Immunisation: Why we do it and how ‘herd immunity’ works

Denial of community immunity or herd immunity is a common feature of antivaccinationists.

In fact groups that spread harmful disinformation, such as the Australian based Australian Vaccination-risks Network (AVN), have for years been refining the denial of this evidence based fact. Notably they misrepresent what herd immunity is, primarily by referencing an aspect of herd immunity or an expected result of herd immunity.

The Australian Government Department of Health offer this definition;

If enough people in a community are immunised against an infectious disease, there is less of the disease in the community, which makes it harder for the disease to spread.

Immunisation protects both people who are vaccinated and also helps the entire community.
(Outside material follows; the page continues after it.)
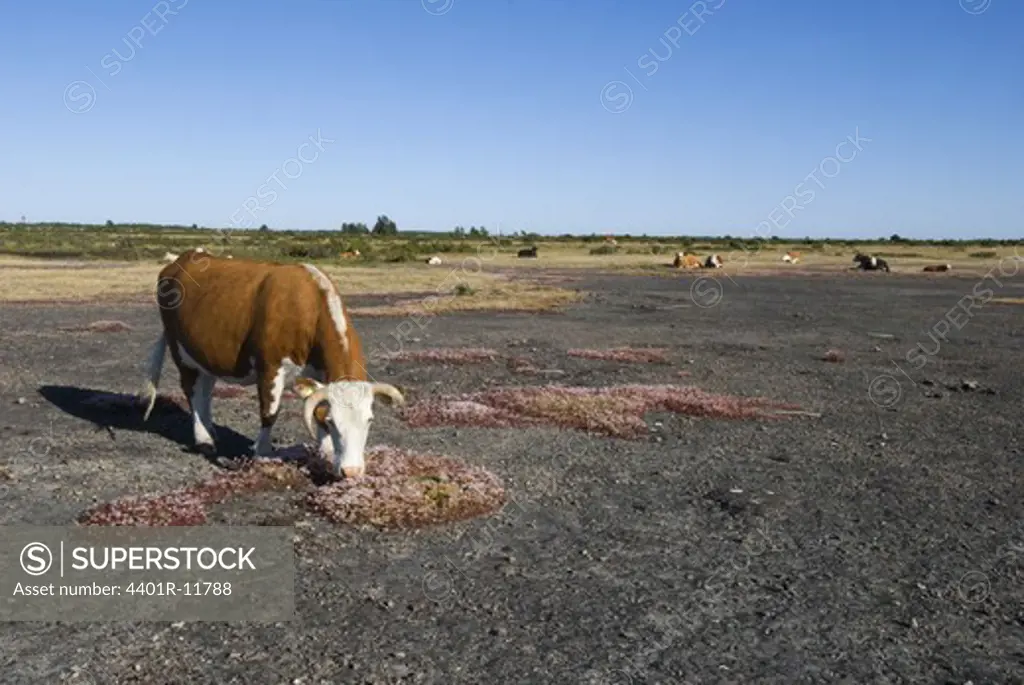 Scandinavia, Sweden, Oland, Cow grazing in landscape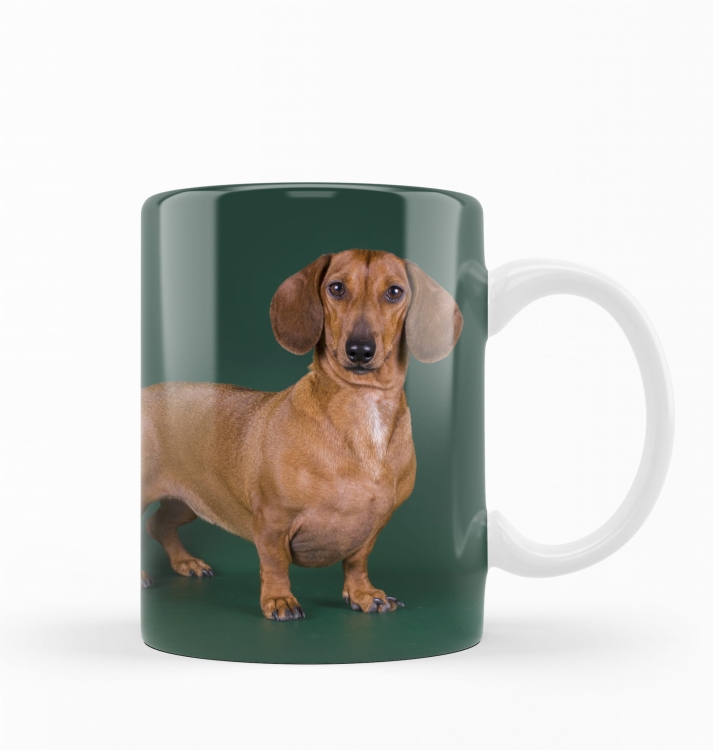 kubek jamnik brązowy na zielonym tle.jpg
It helps protect those who are too young to be vaccinated and those who can’t be vaccinated for medical reasons. This is known as community (herd) immunity.

Claiming that the “laws” of No Jab No Pay and No Jab No Play “are based on herd immunity”, Meryl Dorey of the AVN contends;

The theory claims that the unvaccinated are more likely to contract and transmit diseases than their vaccinated peers.

Travel to a largely unvaccinated country, get shots and you’re apparently in a protected bubble. Back home and they’d have us believe we need a 95 per cent plus vaccination rate to be protected and that a lone unvaccinated individual can be responsible for an epidemic.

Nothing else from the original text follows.